● WHAT THE EXERCISE ASKS: Copy nothing but the line with "zuiver Vloerkleed Blink blauw 170x240cm" and the lines that follow it to the end of the entries below, and keep the pictures out.

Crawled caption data

====================

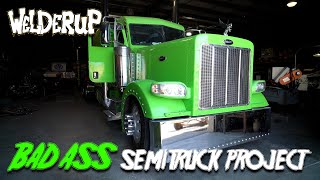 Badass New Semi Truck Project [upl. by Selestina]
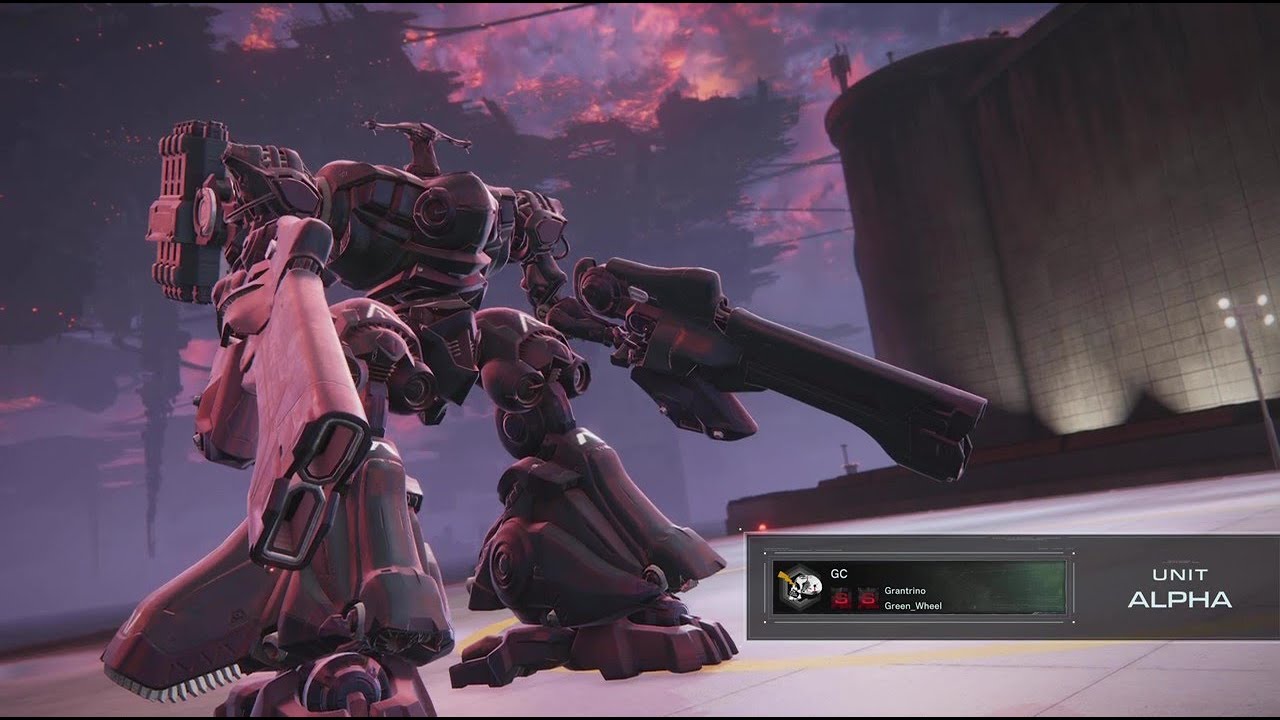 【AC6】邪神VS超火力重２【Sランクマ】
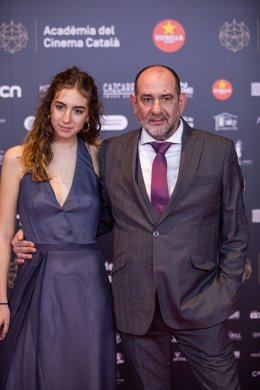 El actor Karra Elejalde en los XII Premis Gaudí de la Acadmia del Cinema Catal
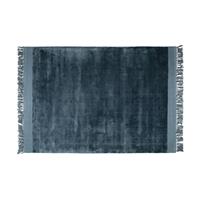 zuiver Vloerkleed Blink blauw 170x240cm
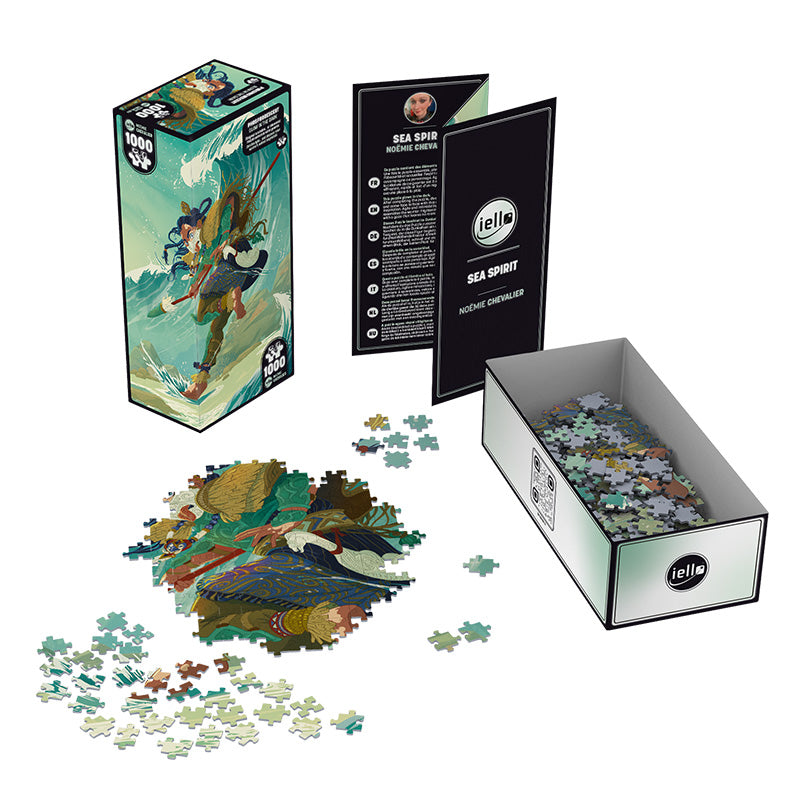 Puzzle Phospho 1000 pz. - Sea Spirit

====================

● SOLUTION:
 zuiver Vloerkleed Blink blauw 170x240cm
 Puzzle Phospho 1000 pz. - Sea Spirit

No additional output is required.